We understand that term to mean information technology with security that is unlikely to be breached — except in unusual and rare circumstances (or at high cost and risk to the perpetrator).
Highly security computing is a gigantic investment
This is not some unachievable holy grail. As John Dobson and Brian Randell argued in 1986, while being critical of those who believed it possible to build totally secure systems, “highly secure computing” is a worthwhile goal for scientific research and public policy.
As the DHS’s research plan mentioned above has noted, the more highly secure technologies cannot be bolted on top of the existing ones.
By and large, a move to less vulnerable IT would require a gigantic initial investment by manufacturers and consumers. It could be more expensive to operate and perhaps less convenient and less functional. So consumers — firms and individuals — will not rush to adopt it voluntarily.

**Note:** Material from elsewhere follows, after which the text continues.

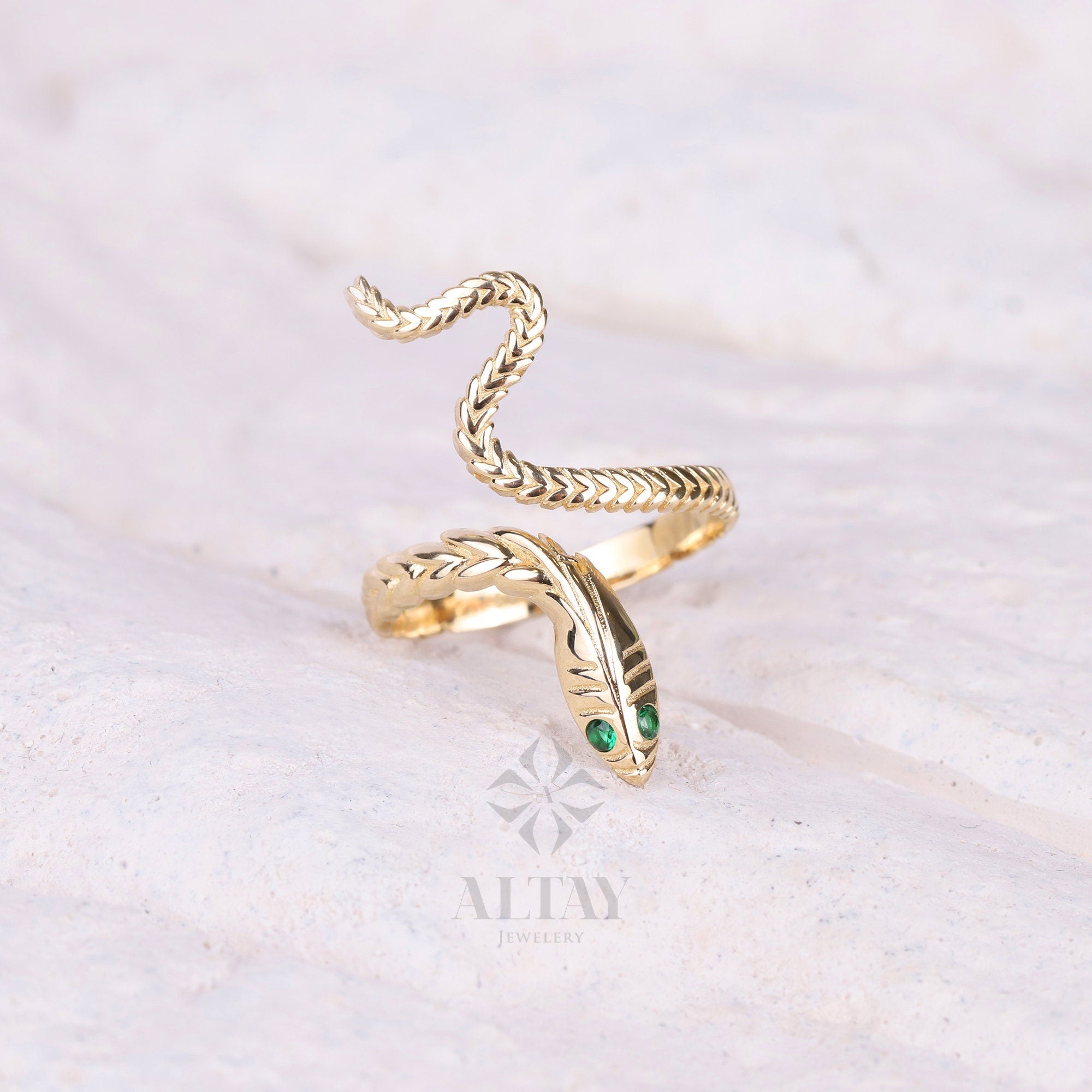 14K Gold Snake Ring, Wrap Snake Band, Circle Serpent Jewelry, Dainty Stacking Animal Rings, Snake Style Ring, Open Band Statement Wrap Ring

The roles of governments and the private sector
Typically, a market failure — where private markets do not provide goods or services needed by customers or do not provide them in adequate quantities at an affordable price — triggers the question of government intervention.
In most market economies, considerable care is taken to craft policies that address the national interest (or public interest) without unduly constraining innovation and competitiveness in the private sector.
But once a government chooses to intervene, the inevitable result — absent a complete course reversal by the private sector — must be some compromise with and by private sector interests. Just how this might play out in particular economies demands detailed study. The policy outcome would inevitably be imperfect.
At the very least, this cyber security dilemma probably demands a price signal of some sort by government and a transition plan with clear benchmarks and standards to provide for phasing out of low security equipment and software.
With or against markets: the EU and China
While this may seem anathema within a U.S. free market environment, the pace of change may be forced on the global market by the European Union or its individual member states with considerable influence.
China is definitely acting against the market, as we have known it. The Snowden leaks about NSA successes against it have led to decisions by the government to accelerate its indigenous cyber security efforts, including new design standards. China is also reviewing its exposure to commercially available products that fall into the low-security and highly vulnerable category.
Today, it seems like we are many years from a consistent effort by any government to adopt highly secure standards for its IT market.
But as the information catastrophes start to affect more and more politicians or significant national economic or security actors, the rush to new products will intensify.
As we move closer to adoption of cloud computing, where confidentiality expectations will be paramount, we can expect that to drive a more rapid move to maximum security in cyber space. The companies that judge this moment well may ride the crest of a new wave of IT wealth.